Apart from John Piper’s book which I reviewed recently, here’s a couple of bits of advice I found helpful…
- At a new wine seminar on preaching Paul Harcourt said that “you say things best if you have said them before”. It makes sense, and I’m glad I practiced making my key points. I did try to write a script as he suggested, but I find my writing style is not good for reading out loud.
- Have a goal. Someone said that you should be able to explain your sermon in one sentence. What I did was I had a list of a few things that I wanted to explain clearly during the course of the sermon. I found it helpful to decide which things were “in” or “out” when I was trying to cut out excess material.
I had been fairly settled for some time on what I was going to preach on (the parable of the wise and foolish builders). It was going to include a section explaining what it means to become a Christian (basically an explanation of the gospel and atonement). One of the verses that prompted me to do this was 1 Cor 9:16 – “woe is me if I preach not the gospel” – Paul had a passion to preach the gospel, and even though his epistles cover a broad range of themes, there is a gospel thread running through them all. However, never before have I had such attacks of doubt about whether I should go with what I had prepared, or whether I should switch to a message more directly aimed at Christians. After all, most people in the church already knew all that I was going to tell them. It might have just been nerves, but I wonder whether it was spiritual attack. The devil doesn’t want the gospel preached.
I also agonised about whether to quote Matt 7:21-23, which is a severe warning that apparently strong Christians can actually be condemned in the judgement. I guess in our churches where we like to talk about grace all the time, verses like that really grate. And yet from both Matthew & Luke’s accounts of the parable, this warning against hypocrisy seems to be inextricably linked to the parable of the two builders. Even as I sat waiting to preach I was unsure whether I could bring myself to talk about this. In the end, I did read the verses, but rushed my explanation of it a bit.
You learn from your mistakes, and I made a few. Here’s what I forgot…
- I forgot to take my bottle of water with me when I went up to the platform. Not good, because my mouth was really dry.
- I forgot to look at the people on my left until nearly the end. The platform in our church is in the corner, so you need to look round more than you would in a conventional setup. Hope they didn’t think I was rude.
- I forgot to start my stopwatch. It meant that I had no idea of how long I was taking, and I ended up skipping an illustration that I didn’t need to.
- Although I had fairly detailed notes, I delivered the talk from memory, and missed out a few things I wanted to say. Thankfully, none of the main points were missed, but there were a few clarifications and transitional comments I forgot to include.
- My plan was to remind myself to slow down every few minutes. As it happens, I only remembered once.
It wasn’t all bad though. There were lots of positives I took away from this experience…
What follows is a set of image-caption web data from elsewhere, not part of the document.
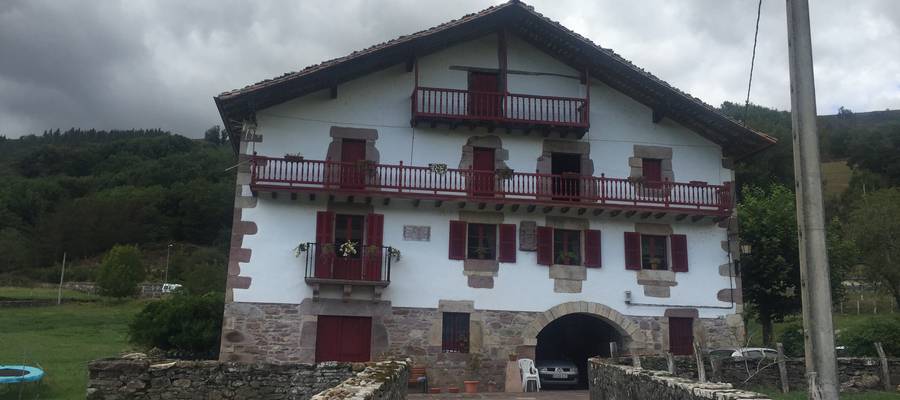 Lakoizketa etxea: Jose Maria Lakoizketa botanikoaren sortetxea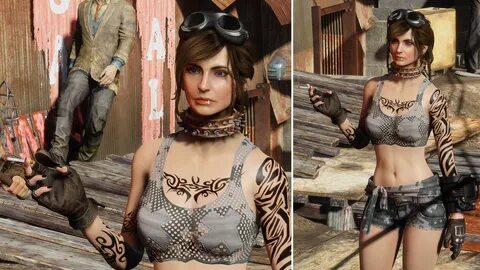 Fallout 4 Mod Adulte - Nora at Fallout 4 Nexus - Mods and co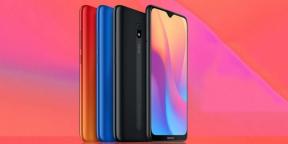 Redmi 8 ve redmi 8A Rusça artık kullanılabilir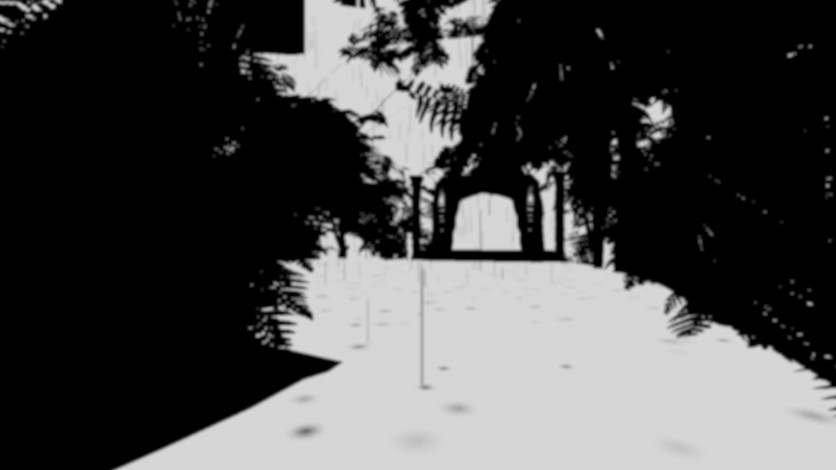 Screenshot 2 - Lost in Blindness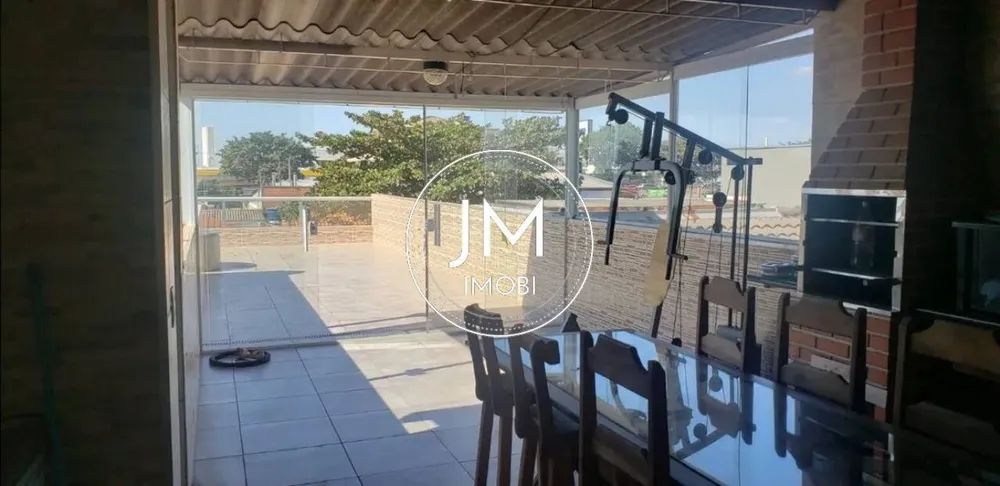 Sobrado, 5 quartos, 207 m² - Foto 13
- I didn’t fluff my lines. Though I forgot some, the ones I did say mostly came out the way I meant to say them.
- People I have never spoken to before introduced themselves and thanked me – preaching is a great way to meet new people. (my friends were also very encouraging, but they are such nice people that I imagine they would congratulate me if I had simply spoken in tongues for 20 minutes).
- My main outline was decided many weeks in advance, which meant that many of the the sermons I heard, along with books and websites I read during those weeks were able to give me inspiration to fine tune and adjust the sermon. Beginning preparation as early as possible is definitely a good idea.
- I hit my target time. No one likes a preacher who goes on too long. In fact, I was a little too quick if anything.
- Being nervous makes you pray. Confidence isn’t a bad thing, but over-confidence can mean you forget to pray.